OIG report evaluates claims for atypical antipsychotic drugs prescribed to nursing home residents

May 20, 2011

More than half of Medicare claims for atypical antipsychotic drugs are erroneous, amounting to $116 million, according to a 48-page report released May 4 by the Office of the Inspector General.

More than half of Medicare claims for atypical antipsychotic drugs are erroneous, amounting to $116 million, according to a 48-page report released May 4 by the Office of the Inspector General.

The report sought to evaluate the extent to which atypical antipsychotic drugs were provided to nursing home residents aged 65 and older who were diagnosed with conditions that were off-label and/or specified in the FDA boxed warning and whether Medicare erroneously paid for these drugs.

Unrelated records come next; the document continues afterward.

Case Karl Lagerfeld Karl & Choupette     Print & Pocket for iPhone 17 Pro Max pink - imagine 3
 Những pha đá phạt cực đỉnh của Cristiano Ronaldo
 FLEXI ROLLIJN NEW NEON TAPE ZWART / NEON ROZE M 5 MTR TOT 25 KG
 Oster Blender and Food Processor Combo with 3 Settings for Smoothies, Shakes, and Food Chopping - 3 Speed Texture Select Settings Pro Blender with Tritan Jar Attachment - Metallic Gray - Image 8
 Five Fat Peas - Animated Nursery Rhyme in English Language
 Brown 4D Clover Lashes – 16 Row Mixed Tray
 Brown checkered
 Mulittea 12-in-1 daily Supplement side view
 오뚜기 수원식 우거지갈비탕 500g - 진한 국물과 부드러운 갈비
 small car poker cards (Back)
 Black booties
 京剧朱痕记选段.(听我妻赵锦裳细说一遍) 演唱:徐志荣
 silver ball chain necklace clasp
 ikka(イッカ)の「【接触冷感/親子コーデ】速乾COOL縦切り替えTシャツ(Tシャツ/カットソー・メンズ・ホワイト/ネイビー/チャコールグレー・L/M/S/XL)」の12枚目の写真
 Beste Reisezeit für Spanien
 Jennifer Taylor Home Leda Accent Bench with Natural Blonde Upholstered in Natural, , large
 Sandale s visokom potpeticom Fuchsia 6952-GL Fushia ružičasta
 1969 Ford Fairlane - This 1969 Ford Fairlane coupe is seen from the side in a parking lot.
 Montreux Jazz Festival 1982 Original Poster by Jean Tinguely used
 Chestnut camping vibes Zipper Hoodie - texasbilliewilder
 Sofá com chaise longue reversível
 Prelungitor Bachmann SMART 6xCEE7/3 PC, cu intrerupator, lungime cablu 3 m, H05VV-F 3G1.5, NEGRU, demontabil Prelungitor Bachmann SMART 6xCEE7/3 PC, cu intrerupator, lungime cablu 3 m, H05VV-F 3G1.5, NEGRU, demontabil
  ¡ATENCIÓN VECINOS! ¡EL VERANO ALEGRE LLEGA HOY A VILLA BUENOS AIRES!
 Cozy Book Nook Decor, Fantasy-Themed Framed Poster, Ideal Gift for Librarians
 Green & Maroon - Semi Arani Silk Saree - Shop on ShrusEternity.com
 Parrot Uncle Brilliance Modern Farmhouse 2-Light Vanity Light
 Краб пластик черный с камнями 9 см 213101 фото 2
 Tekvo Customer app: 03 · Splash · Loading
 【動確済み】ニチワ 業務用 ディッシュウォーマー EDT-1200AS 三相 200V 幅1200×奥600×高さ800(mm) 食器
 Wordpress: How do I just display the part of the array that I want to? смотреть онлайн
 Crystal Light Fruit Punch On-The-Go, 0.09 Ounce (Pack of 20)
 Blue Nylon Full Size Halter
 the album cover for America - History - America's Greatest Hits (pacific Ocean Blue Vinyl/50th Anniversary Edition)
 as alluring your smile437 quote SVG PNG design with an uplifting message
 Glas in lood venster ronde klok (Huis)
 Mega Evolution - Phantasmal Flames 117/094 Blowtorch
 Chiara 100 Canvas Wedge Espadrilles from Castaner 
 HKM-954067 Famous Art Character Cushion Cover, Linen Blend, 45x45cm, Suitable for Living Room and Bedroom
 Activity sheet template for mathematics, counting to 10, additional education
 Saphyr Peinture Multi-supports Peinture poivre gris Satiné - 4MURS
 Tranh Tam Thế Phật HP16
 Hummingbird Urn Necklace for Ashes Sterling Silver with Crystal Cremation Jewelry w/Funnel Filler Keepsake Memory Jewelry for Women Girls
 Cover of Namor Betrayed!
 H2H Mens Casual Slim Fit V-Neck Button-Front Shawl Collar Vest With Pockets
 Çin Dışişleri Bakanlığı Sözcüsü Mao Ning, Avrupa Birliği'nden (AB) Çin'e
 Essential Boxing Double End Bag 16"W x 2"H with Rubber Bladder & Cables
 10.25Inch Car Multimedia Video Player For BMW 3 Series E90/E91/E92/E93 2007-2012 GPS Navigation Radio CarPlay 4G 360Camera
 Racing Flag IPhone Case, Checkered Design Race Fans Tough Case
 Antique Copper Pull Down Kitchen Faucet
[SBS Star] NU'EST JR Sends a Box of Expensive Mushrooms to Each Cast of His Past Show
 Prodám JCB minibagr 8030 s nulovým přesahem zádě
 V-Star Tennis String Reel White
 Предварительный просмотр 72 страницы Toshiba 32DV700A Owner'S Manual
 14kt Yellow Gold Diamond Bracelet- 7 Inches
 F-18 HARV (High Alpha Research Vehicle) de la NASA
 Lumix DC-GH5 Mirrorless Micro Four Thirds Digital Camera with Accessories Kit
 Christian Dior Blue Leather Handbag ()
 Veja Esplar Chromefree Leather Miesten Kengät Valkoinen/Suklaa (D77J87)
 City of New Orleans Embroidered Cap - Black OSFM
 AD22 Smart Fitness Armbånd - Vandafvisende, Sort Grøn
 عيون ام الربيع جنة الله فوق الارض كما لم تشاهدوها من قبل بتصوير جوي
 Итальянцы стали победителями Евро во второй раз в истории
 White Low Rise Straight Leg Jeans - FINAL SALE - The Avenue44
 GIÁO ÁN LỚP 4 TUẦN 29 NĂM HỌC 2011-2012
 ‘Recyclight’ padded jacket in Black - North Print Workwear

Investigators used Medicare claims data from Part B and Part D and the 2007 Minimum Data Set to identify Medicare claims and payments from January 1 through June 30, 2007.

Based on a medical record review conducted by board-certified psychiatrists knowledgeable in the prescribing of atypical antipsychotic drugs for the elderly, OIG found that: 

  • 14% of elderly nursing home residents had Medicare claims for atypical antipsychotic drugs;

  • 83% of Medicare claims for such drugs for elderly nursing home residents were associated with off-label conditions and 88% were associated with dementia, a condition specified in an FDA boxed warning;

  • 51% of Medicare claims for atypical antipsychotic drugs for elderly nursing home residents were erroneous, amounting to $116 million; and

  • 22% of the atypical antipsychotic drugs claimed were not administered in accordance with CMS standards regarding unnecessary drug use in nursing homes, amounting to $63 million. 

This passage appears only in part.